Hi. I think I've reversed a sign somewhere, but for the life of me I can't seem to find it.

I have these parametric equations (using t to represent theta):

$\displaystyle x = 2 - 3\,cos\,t$

$\displaystyle y = 3 + 2\,sin\,t$

I've got to find the equation of the tangent line at various given points on the curve. So, I want to create a general equation first that I can plug the points into.
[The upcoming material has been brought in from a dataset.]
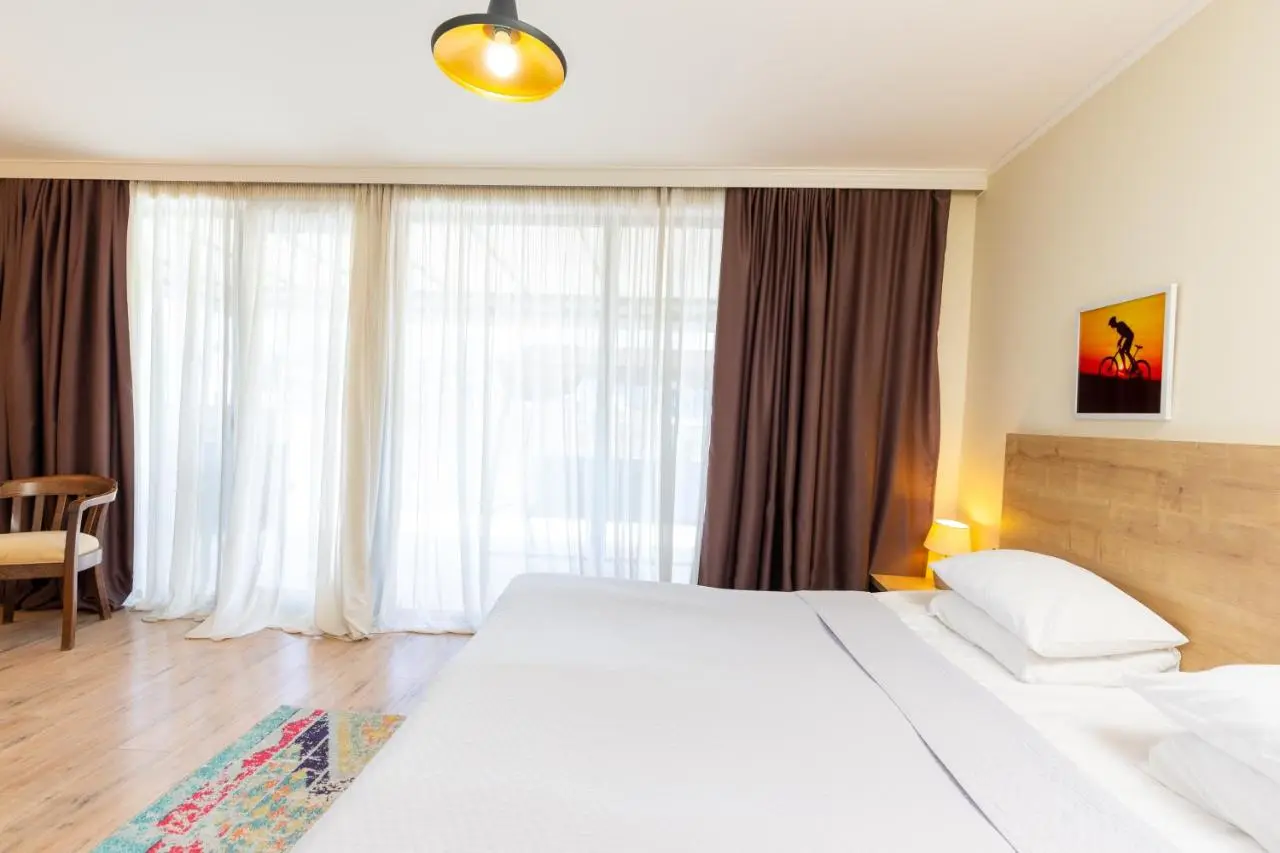 Hotel N16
First, I solve for t:

$\displaystyle y = 3 + 2\,sin\,t$

$\displaystyle t = \arcsin{\frac{y-3}{2}}$

Then I get the slope:

$\displaystyle \frac{dy/dt}{dx/dt} = \frac{3\,sin\,t}{2\,cos\,t} = \frac{3}{2}\,tan\,t$

Now, the intercept in the tangent line equation will be

$\displaystyle B = y_{1} - (\frac{3}{2}\,tan\,(\arcsin{\frac{y_{1}-3}{2}}))\,x_{1}$

Giving me

$\displaystyle y = (\frac{3}{2}\,tan\,(\arcsin{\frac{y_{1}-3}{2}}))\,x + y_{1} - (\frac{3}{2}\,tan\,(\arcsin{\frac{y_{1}-3}{2}}))\,x_{1}$

or

$\displaystyle y = \frac{3}{2} (tan \circ arcsin) (\frac{y_{1}-3}{2}}) (x - x_{1}) + y_{1}$

Great. But if I plug in the first coordinate I'm given

$\displaystyle (x_{1}, y_{1}) = (\frac{4 + 3\sqrt{3}}{2}, 2)$

I eventually get

$\displaystyle \frac{-\sqrt{3}}{2}\,x + \sqrt{3} + \frac{17}{4}$

A tangent line with a negative slope! Yet when I look diagram provided in the book itself, the tangent line at this point clearly has a positive slope.